» **Work to complete**
Print the line that contains "Позашляховик / Кросовер Toyota RAV4 2020 в", then every line after it until the entries end, exactly as they read; do not include pictures.

» **Data excerpts**

┄┄┄┄┄┄┄┄┄┄

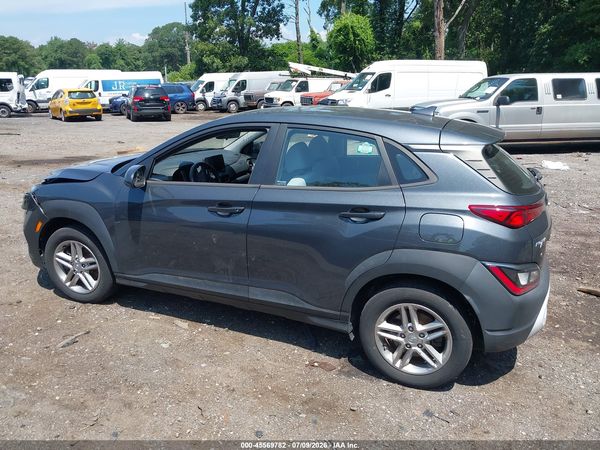 2022 HYUNDAI KONA SE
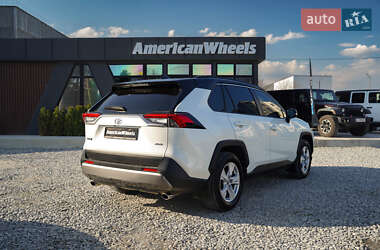 Позашляховик / Кросовер Toyota RAV4 2020 в 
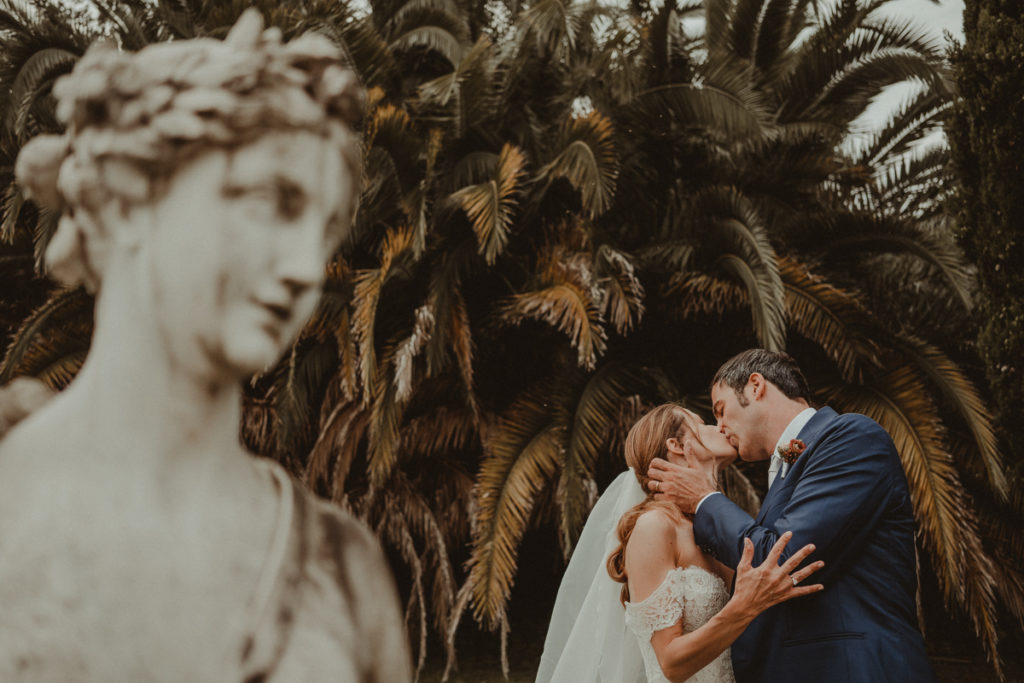 villa, marigola, fotografo, matrimonio, italia, cinqueterre, elegante, reportage, amore, bacio, statua, ispirazione, sposi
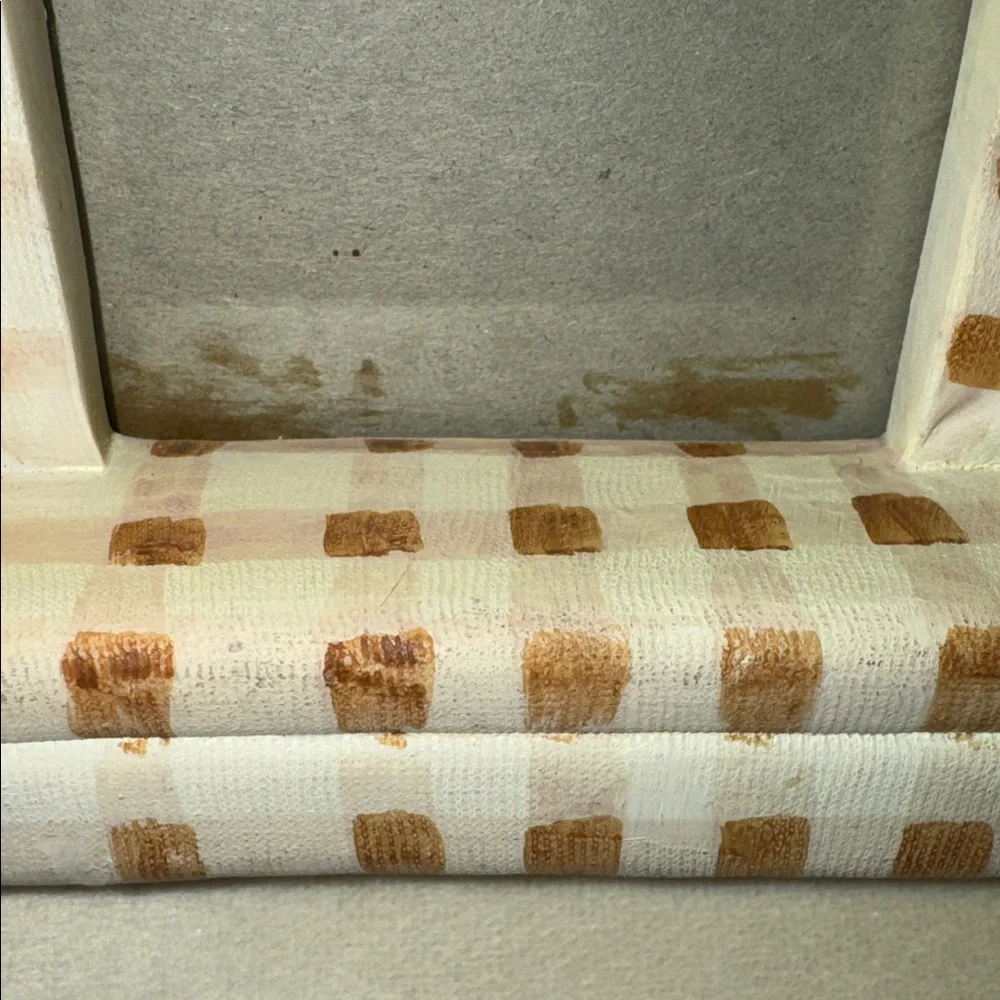 Vintage! Unique! White and Tan Checkered Mini Sofa Photo Frame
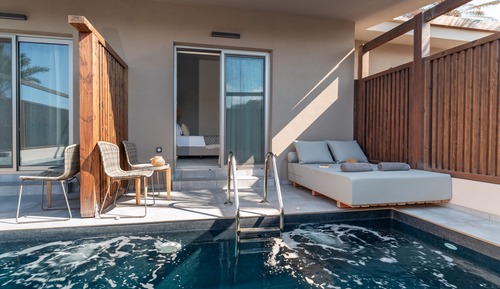 Habitación doble superior, vistas a la piscina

┄┄┄┄┄┄┄┄┄┄

» **Task answer**
 Позашляховик / Кросовер Toyota RAV4 2020 в 
 villa, marigola, fotografo, matrimonio, italia, cinqueterre, elegante, reportage, amore, bacio, statua, ispirazione, sposi
 Vintage! Unique! White and Tan Checkered Mini Sofa Photo Frame
 Habitación doble superior, vistas a la piscina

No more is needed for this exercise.